Pour illustrer notre propos, nous avons choisi la région Bourgogne, en raison de son monocépage et de son unité géologique (calcaire du Jurassique). En effet, dans celle région, la différence de goût observée entre deux vins de même appellation ne peut-être due qu’au sol surtout lorsque les deux vins sont vinifiés par le même vigneron.

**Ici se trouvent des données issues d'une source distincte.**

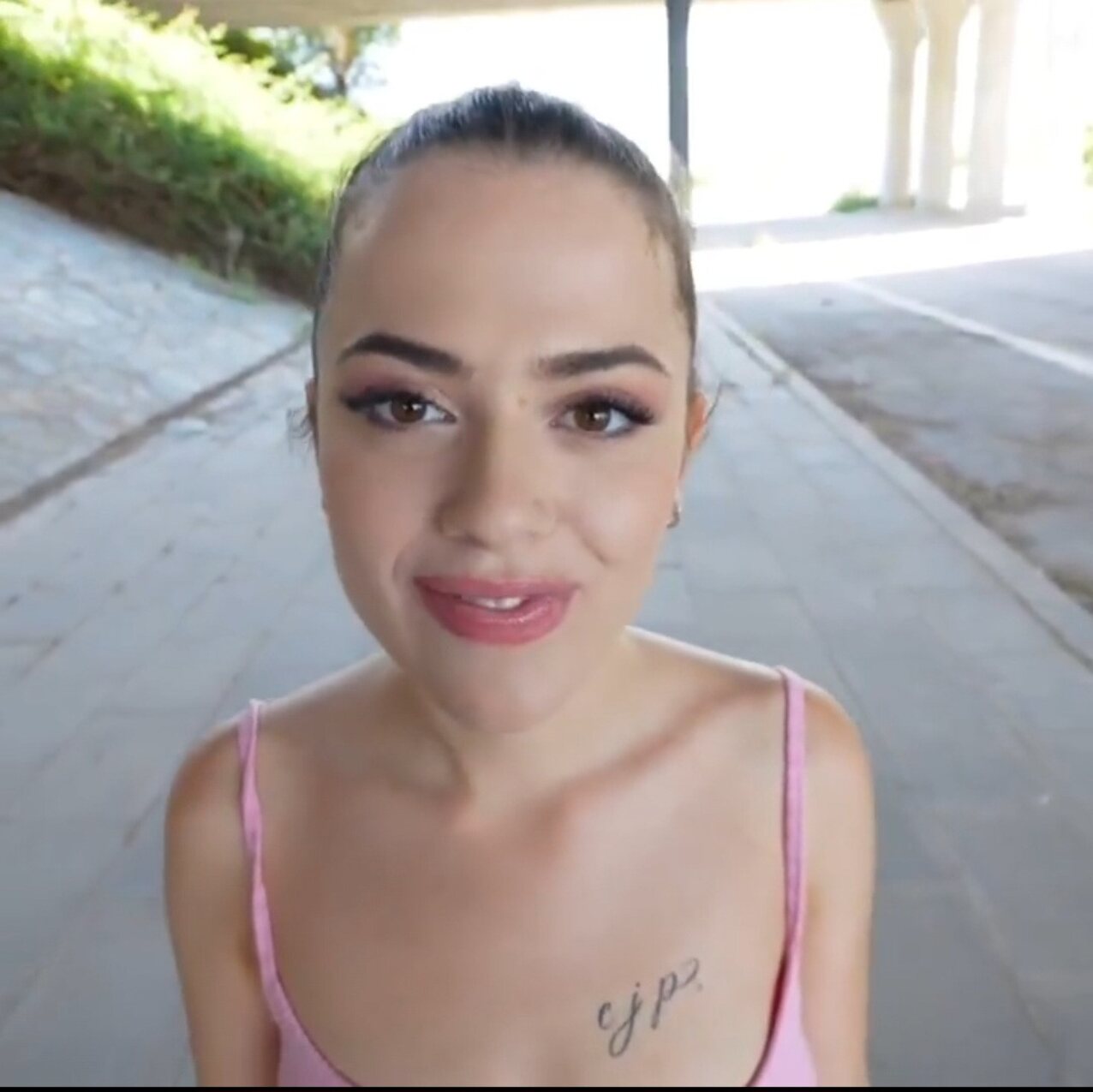 public threesome blowjob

Caractéristiques physiques des sols des terroirs
La texture
Les approches classiques granulométriques n’ont jamais servi à caractériser un terroir. En Bourgogne, par exemple, deux clos peuvent présenter la même granulométrie et produire des vins différents: Latricière et Chapelle Chambertin par exemple. Par contre, les sols possèdent une caractéristique remarquable: la surface spécifique de leurs argiles. C’est à dire la surface totale déployée par les feuillets d’un gramme d’argile. Les études que nous avons effectuées sur les Côtes de Nuits et Côtes de Beaune semblent indiquer trois choses:
– Le sol de chaque cru se caractérise par une surface spécifique qui lui est propre.
– Les sols portant les vins rouges contiennent des argiles dont la surface spécifique est en moyenne plus élevée que celle des vins blancs.
– Dans une même appellation de vins blancs, les vins sont d’autant plus fins que les sols contiennent des argiles à faible surface spécifique.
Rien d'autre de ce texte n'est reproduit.